Caravaggio + Lecture by Ko van Dun
Prior to the screening of Caravaggio, a daring biopic about the life of the homosexual Renaissance artist Caravaggio, art historian Ko van Dun will give a lecture on the artist’s work.
Caravaggio is an extraordinarily bold biopic about the life of the homosexual Baroque artist Caravaggio. Prior to the film, art and culture expert Ko van Dun will give a lecture (language: Dutch) on Caravaggio and the film by Derek Jarman.

Caravaggio
In his feverish portrait, Jarman sketches the life of Caravaggio, who associated with male lovers, prostitutes and the criminal underclass of early seventeenth-century Rome. The opulent, dazzling film brings together Jarman’s important themes: the plight of the artist, homosexual love and the hypocrisy of ecclesiastical authorities.

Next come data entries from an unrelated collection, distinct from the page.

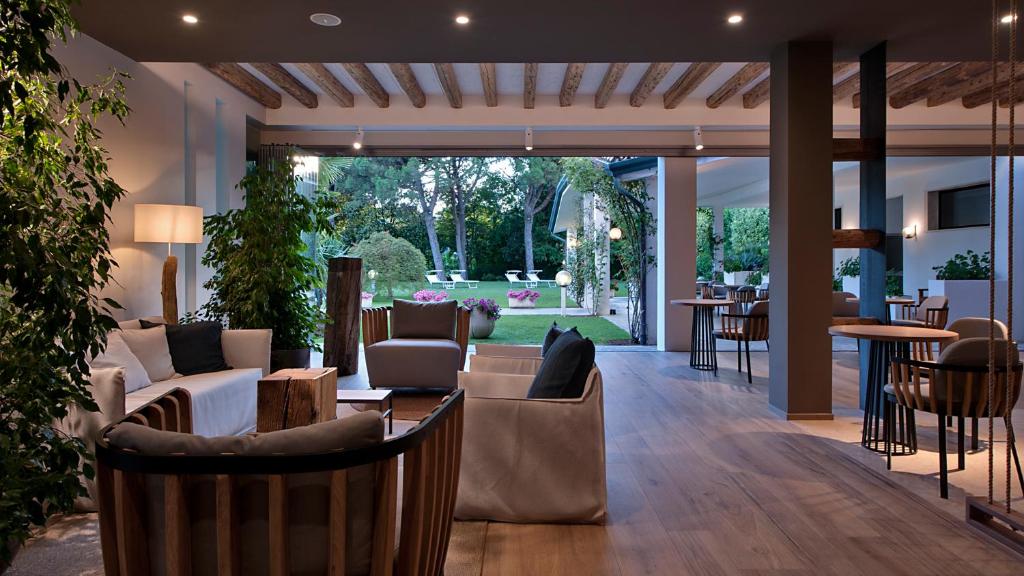 Posezení v ubytování Hotel Terme Neroniane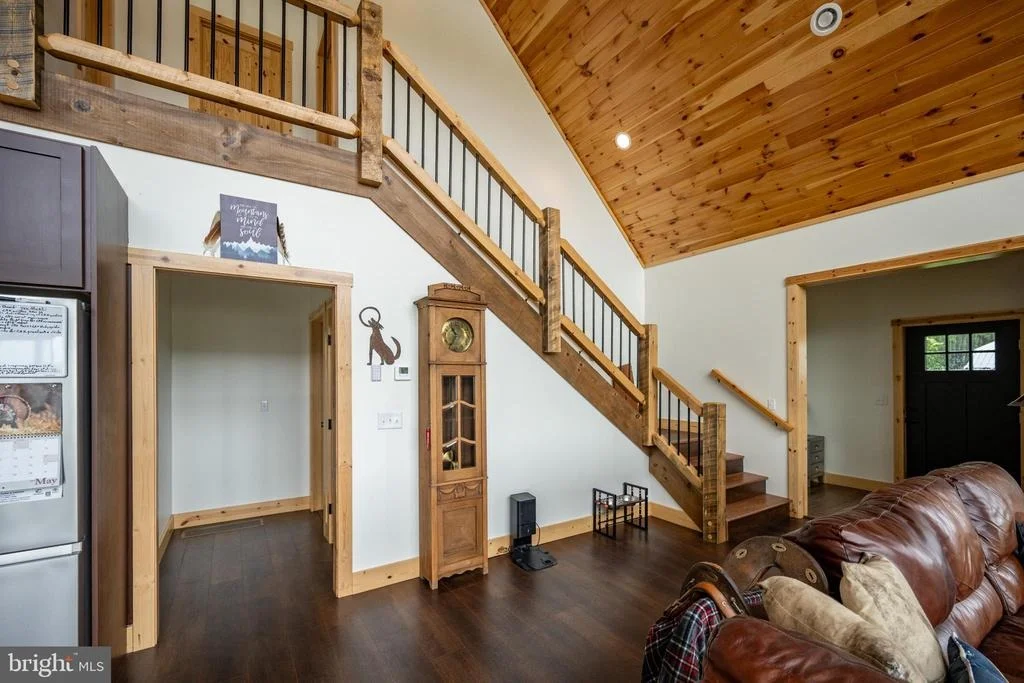Photo of 120 DAISY DRIVE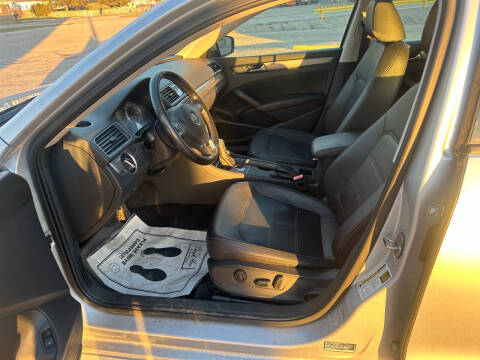 2015 Volkswagen Passat 1.8T Wolfsburg Edition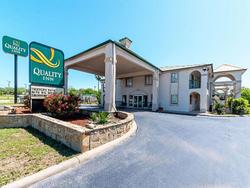 Quality Inn Three Rivers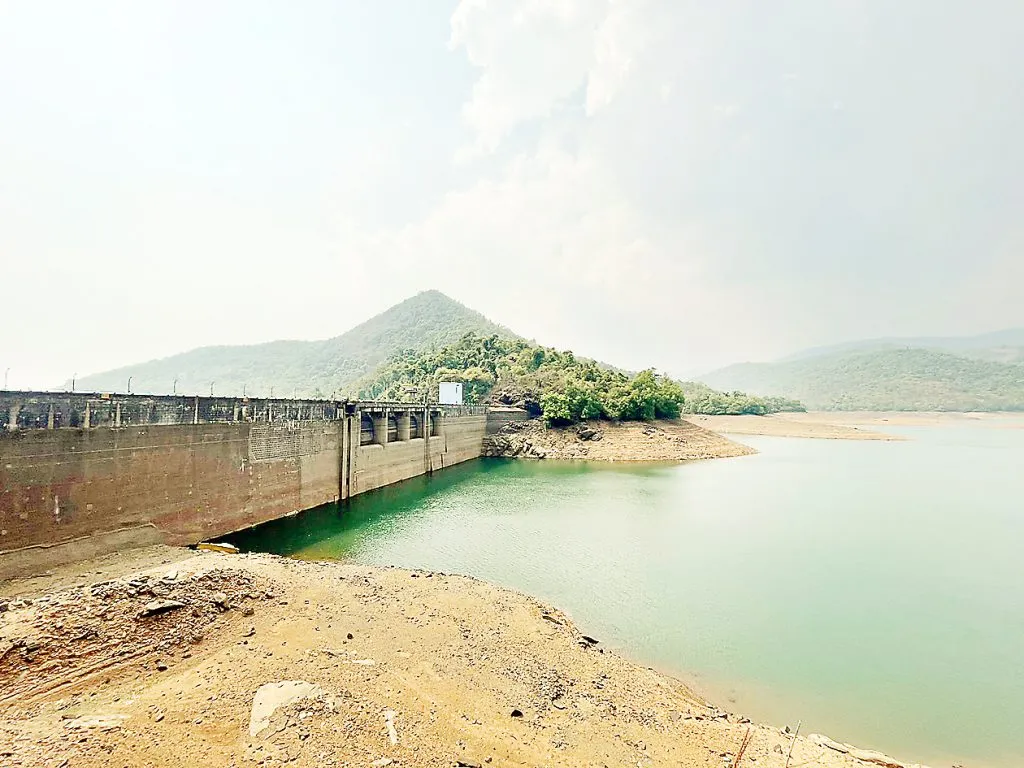 अंजुणे धरणातील पाण्याची पातळी घटली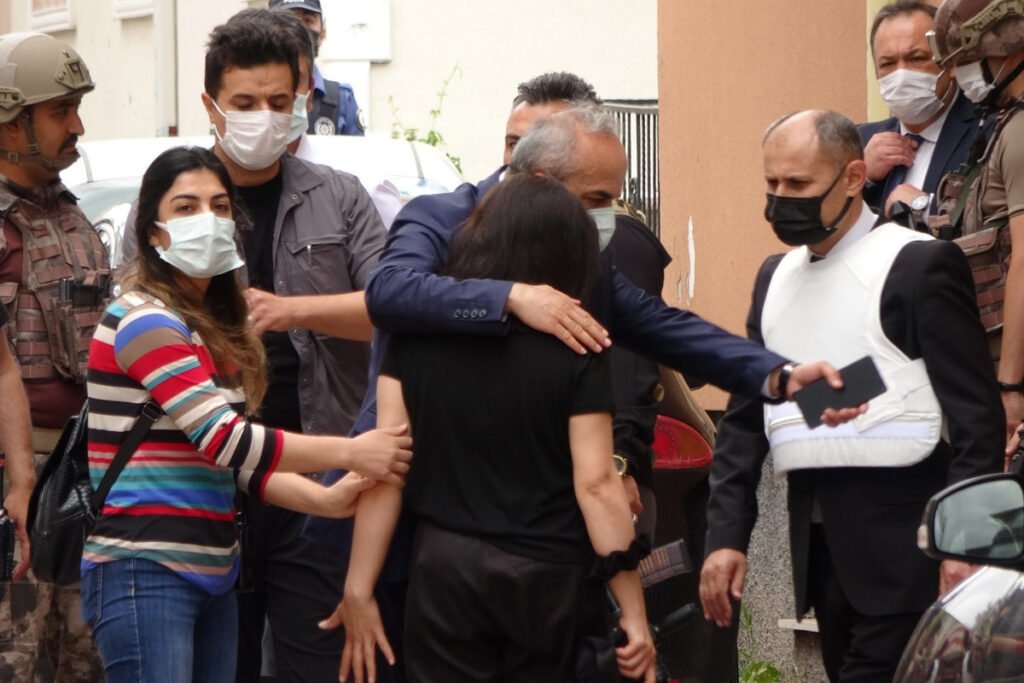 Sivas’ta rehin alınan kadın kurtarıldı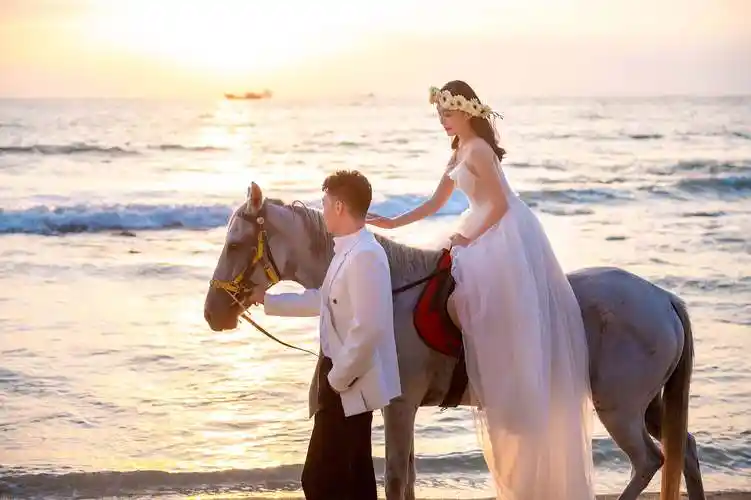 探索梦幻之旅旅拍婚纱照应该是一场充满浪漫与真实的体验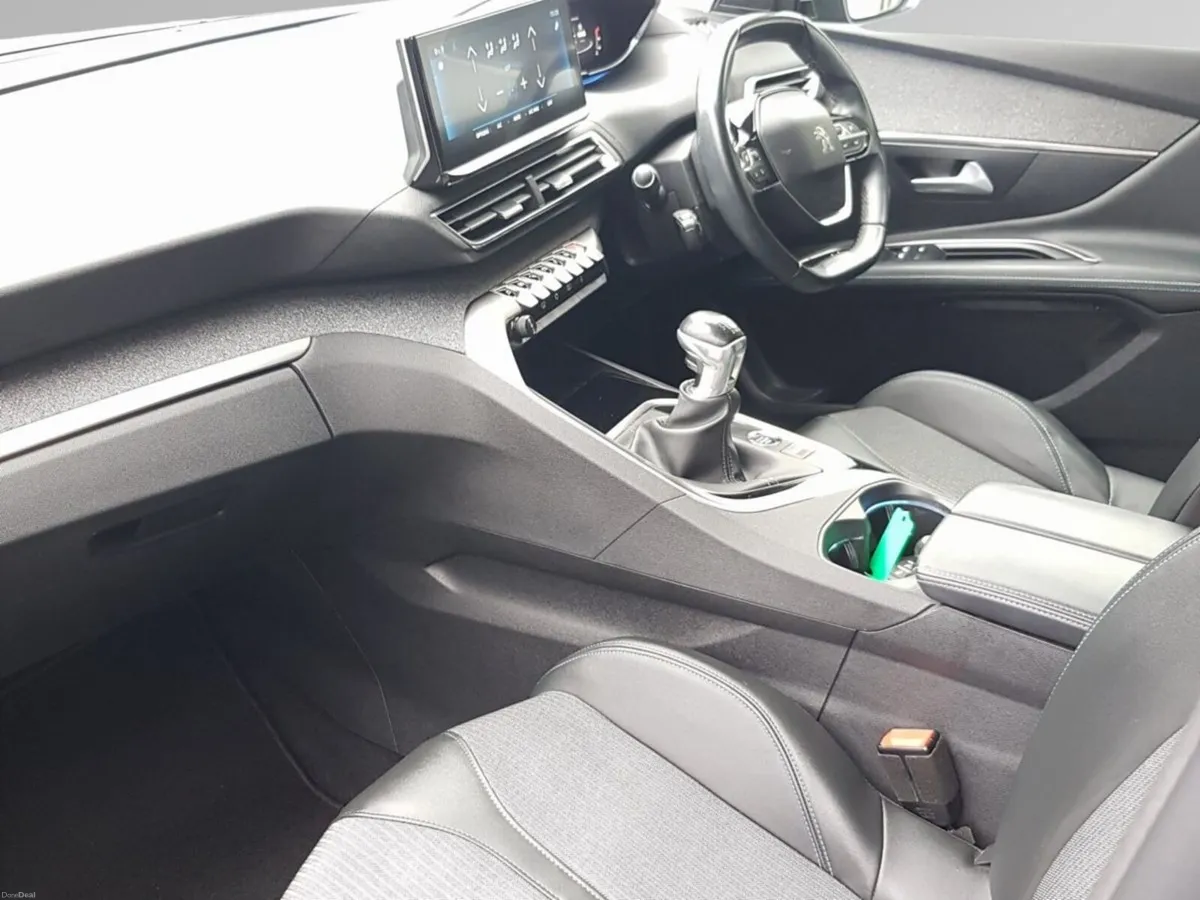 Peugeot 3008 1.5 BlueHDi 130bhp Allure - Image 4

From his deathbed in 1610, the impoverished artist Caravaggio looks back on his turbulent love triangle with street thug Ranuccio and Ranuccio’s mistress Lena (brilliantly played by Tilda Swinton, in her film debut). In flashbacks, the film recreates Caravaggio’s original paintings in a series of sublime, stylised tableaux vivants in the painter’s typical chiaroscuro style, with strong, dramatic contrasts between light and dark – a style for which Rembrandt in particular would later become famous.
Caravaggio was a frontal attack on the classic reconstructions that Hollywood tends to make of biopics. Jarman’s idiosyncratic film is deliberately punctuated by anachronisms such as a pocket calculator and Ranuccio’s motorbike. The film was also his most accessible work and proved to be a modest commercial success. For Tilda Swinton, the film marked the beginning of a long and cherished collaboration with Jarman, who would cast the actress in all six of his subsequent films.
Caravaggio won the Silver Bear at the Berlin Film Festival.